2月の定例会に端を発し、担当者も2人から3人へと増え、定例会担当としては初顔合わせに近いメンバーが集ったことも、場を変えたことへの成果だったのかもしれない。3人でワイワイと意見を交わしながら作り上げていった過程は、時に宗教というと誘導的な側面も与える可能性もある敏感な部分をどう扱うかの議論を交えつつも、楽しい時間となった。できるだけ誘導的な内容を避け、内発的な行動をアウトプットしていくものとした。3人寄れば文殊の智恵ともいうように、担当者、参加者がほどよく集い、定例会の始まりの時間を迎えた時点で成功点に達していたとも言える。

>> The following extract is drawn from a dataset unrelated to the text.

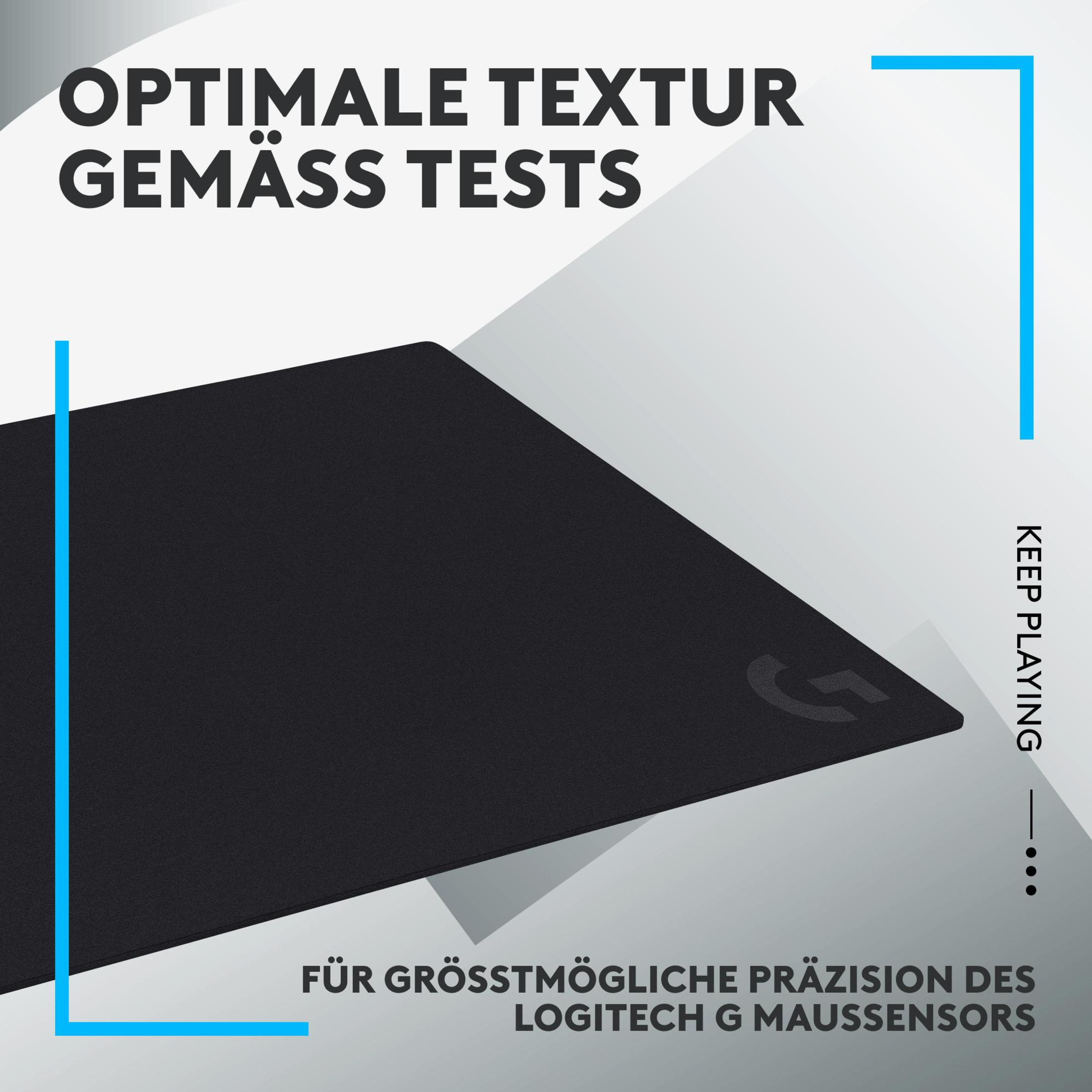 Czarna podkładka pod mysz z logo Logitech i tekstem po niemiecku. Niebieskie linie obrysowują.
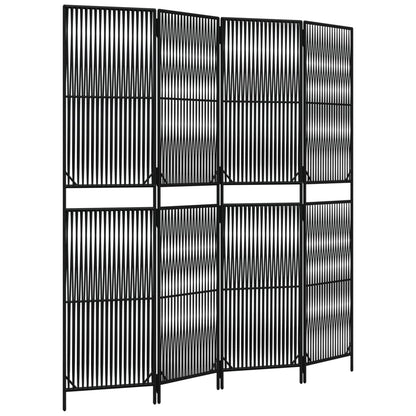Room Divider 4 Panels Black Poly Rattan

プログラム構成としては、FAJの定例会という場での開催のため中部支部の会員が40〜50代のビジネスパーソンや学校関係者を中心とした構成であることから、テーマを「場」という観点からの対話を楽しみ、そこから沸き上がるものにフォーカスするものにした。
その導入として、自己紹介をしたグループ内で創作漢字というアウトプットを行うことを通じ、参加者同士が共同していくプロセスがあった。また、本堂内には、お寺カフェの手書きのイラストや、本日のお役則(役割と規則をくみあわせた造語)として「傾聴」「参画」「安全・安心」との文字がお地蔵様の絵とともに模造紙にかいたものをあらかじめ用意した。壁面への掲示は不可といわれていたため、椅子を重ねたところに掲示をした。参加者の目にふれやすく掲示しておくことで、「あそこにあるように何を言ってもいい、安全・安心な場なんですよね。」と再確認する発言もあった。

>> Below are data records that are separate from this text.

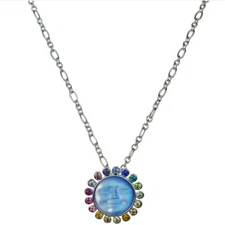 Kirks Folly RAINBOW MEMORIES 12mm GLASS SEAVIEW MOON NECKLACE  st / sapphire ab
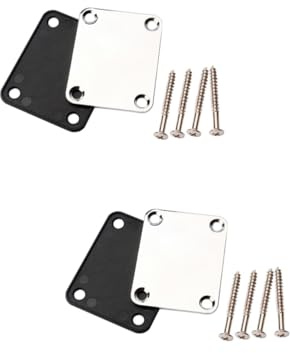 ibasenice 2stücke Neck Plate Gitarre Montage-schrauben Chromfarbenes Gitarren-zubehör Für Einfaches Ersetzen Und Installation Leicht Und Langlebig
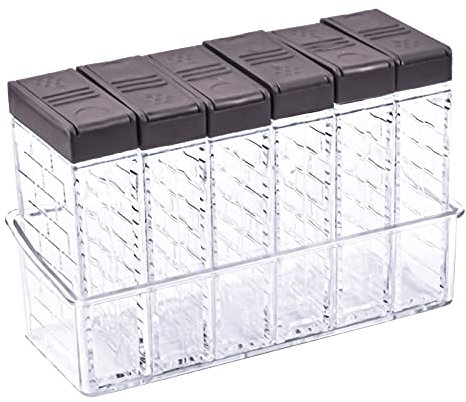 Pinsheng 6 Stück transparente Gewürzdosen, Gewürzgläser aus Kunststoff mit Tablett und doppeltem Deckel, offen, Gewürzdose für Camping, Küche, Grill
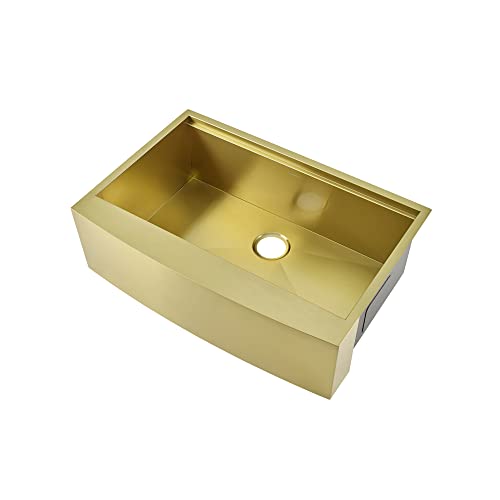 Image of Tourner 33 x 22 Stainless Steel, Single Basin, Farmhouse Kitchen Workstation Sink with Apron in Gold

市販のカードを使ったものや既成のプログラムではなく、担当者の1人がこれまでに撮りためていた玄人はだしの写真を使った自己紹介、自分のいる場を感じ取り、オリジナルの漢字をつくる、というグループメンバーも内容もおそらく一期一会に近いワークを通して、お寺という場と参加者同士の緊張感がほぐれ、参加者は次第に場にフォーカスするようになっていった。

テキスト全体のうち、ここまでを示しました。